(PROBLEM TO WORK ON):
Would you repeat exactly the part of the listing below that runs from the line containing "Rangoli Set With Laxmi Ganesh Idol" down to the line containing "Cybertruck Gets a", inclusive, and nothing else?

═══ THE INPUT

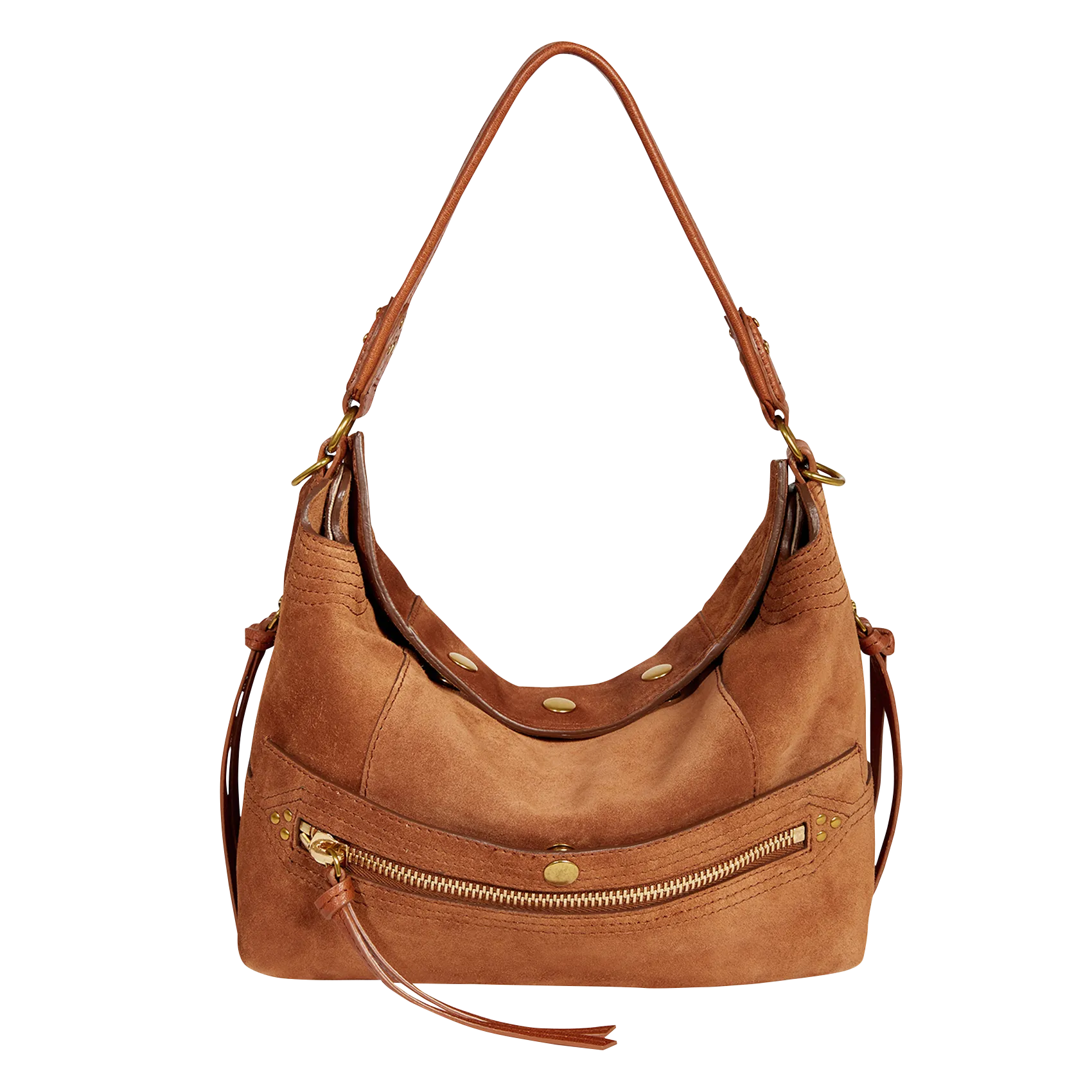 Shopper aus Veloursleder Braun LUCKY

══════
═══ THE INPUT

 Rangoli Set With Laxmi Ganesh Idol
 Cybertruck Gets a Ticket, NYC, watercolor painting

══════

(RESPONSE TO THE TASK):
 Rangoli Set With Laxmi Ganesh Idol
 Cybertruck Gets a Ticket, NYC, watercolor painting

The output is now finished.